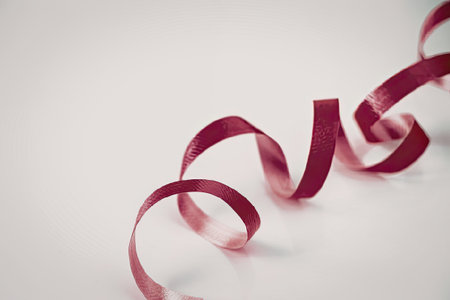 A pink ribbon is curled and placed on a white surface, creating a visually appealing contrast.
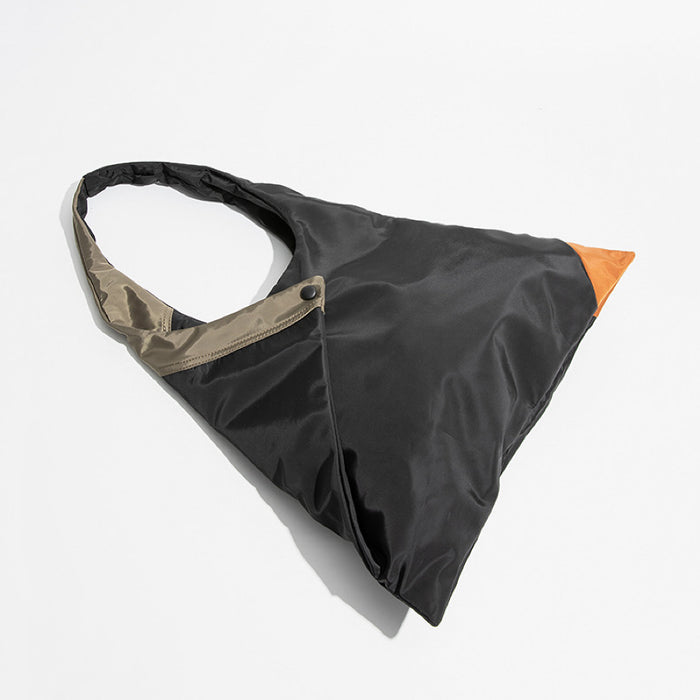 Flat lay of the geometric triangle tote bag highlighting the foldable design and orange corner accent.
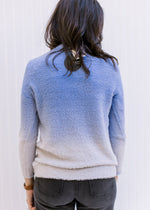 Back view of  Model wearing a two toned blue sweater with long sleeves and a round neck.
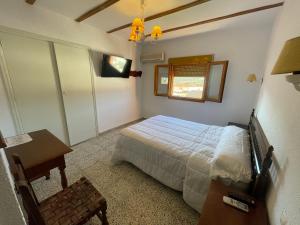 a bedroom with a bed and a table and a window at Hotel Rural Sierra De Segura in Puente de Génave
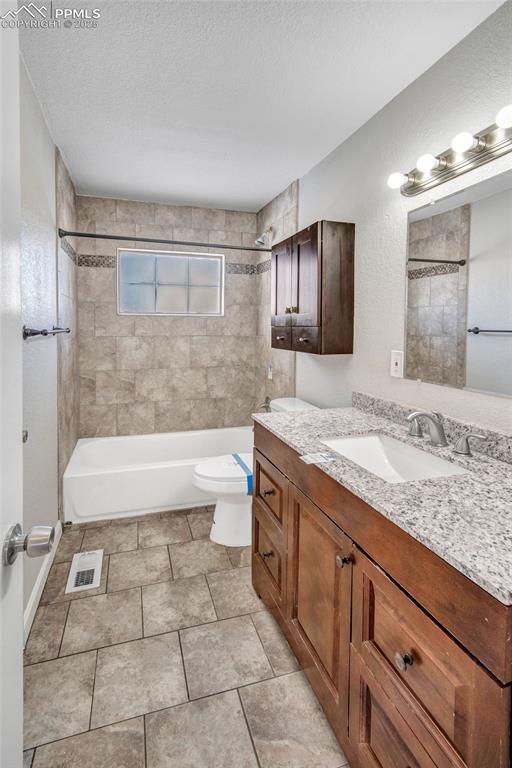 full bathroom with toilet, vanity, a textured ceiling, and tiled shower / bath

================================

-- EXERCISE OBJECTIVE --
Exactly the lines from the line with "Back view of" through the last line of the listing, both included, should be extracted, and the pictures left behind.

-- ANSWER SPACE --
 Back view of  Model wearing a two toned blue sweater with long sleeves and a round neck.
 a bedroom with a bed and a table and a window at Hotel Rural Sierra De Segura in Puente de Génave
 full bathroom with toilet, vanity, a textured ceiling, and tiled shower / bath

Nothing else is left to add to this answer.